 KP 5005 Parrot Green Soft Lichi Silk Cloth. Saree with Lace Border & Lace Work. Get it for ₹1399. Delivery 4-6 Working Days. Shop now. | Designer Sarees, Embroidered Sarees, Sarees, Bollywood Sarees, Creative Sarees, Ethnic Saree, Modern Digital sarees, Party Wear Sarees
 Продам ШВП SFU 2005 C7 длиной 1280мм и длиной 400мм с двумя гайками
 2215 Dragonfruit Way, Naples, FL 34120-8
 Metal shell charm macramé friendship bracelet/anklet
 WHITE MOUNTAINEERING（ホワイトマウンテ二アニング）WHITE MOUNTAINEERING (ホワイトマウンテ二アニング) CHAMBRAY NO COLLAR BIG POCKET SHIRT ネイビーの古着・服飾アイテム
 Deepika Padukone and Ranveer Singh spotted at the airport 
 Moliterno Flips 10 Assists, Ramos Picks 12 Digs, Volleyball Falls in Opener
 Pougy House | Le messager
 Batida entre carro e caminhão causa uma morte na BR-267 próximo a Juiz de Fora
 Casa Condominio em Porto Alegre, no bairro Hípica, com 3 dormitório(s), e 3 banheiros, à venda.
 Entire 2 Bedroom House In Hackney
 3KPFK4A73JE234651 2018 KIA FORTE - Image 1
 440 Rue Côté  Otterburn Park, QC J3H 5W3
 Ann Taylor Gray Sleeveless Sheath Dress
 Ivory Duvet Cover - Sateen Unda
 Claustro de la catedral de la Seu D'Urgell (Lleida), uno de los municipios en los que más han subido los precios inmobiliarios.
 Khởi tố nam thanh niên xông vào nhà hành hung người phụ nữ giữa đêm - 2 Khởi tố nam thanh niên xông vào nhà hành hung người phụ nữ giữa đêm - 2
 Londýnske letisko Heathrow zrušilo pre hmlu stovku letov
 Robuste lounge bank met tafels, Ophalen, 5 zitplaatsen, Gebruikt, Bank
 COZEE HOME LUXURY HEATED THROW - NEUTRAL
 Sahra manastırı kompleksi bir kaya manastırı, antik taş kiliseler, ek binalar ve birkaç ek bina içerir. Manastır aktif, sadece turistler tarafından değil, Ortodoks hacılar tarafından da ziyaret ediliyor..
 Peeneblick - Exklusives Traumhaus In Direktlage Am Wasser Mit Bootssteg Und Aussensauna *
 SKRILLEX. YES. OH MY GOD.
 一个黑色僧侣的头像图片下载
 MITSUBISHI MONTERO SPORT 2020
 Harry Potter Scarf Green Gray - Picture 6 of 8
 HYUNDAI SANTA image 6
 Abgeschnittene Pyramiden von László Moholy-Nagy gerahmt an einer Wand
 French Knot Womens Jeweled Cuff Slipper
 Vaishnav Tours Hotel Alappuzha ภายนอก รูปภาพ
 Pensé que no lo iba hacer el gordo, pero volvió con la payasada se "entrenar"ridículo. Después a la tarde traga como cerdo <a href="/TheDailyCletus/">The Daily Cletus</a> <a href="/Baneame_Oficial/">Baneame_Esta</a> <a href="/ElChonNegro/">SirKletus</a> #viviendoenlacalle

DIRECTIONS FOR THIS TASK:
Retype only the stretch of lines above starting at the one with "HYUNDAI SANTA image 6" and stopping at the one with "Vaishnav Tours Hotel Alappuzha ภายนอก รูปภาพ", exactly as written, with both kept.

SOLUTION FOR THIS PROBLEM:
 HYUNDAI SANTA image 6
 Abgeschnittene Pyramiden von László Moholy-Nagy gerahmt an einer Wand
 French Knot Womens Jeweled Cuff Slipper
 Vaishnav Tours Hotel Alappuzha ภายนอก รูปภาพ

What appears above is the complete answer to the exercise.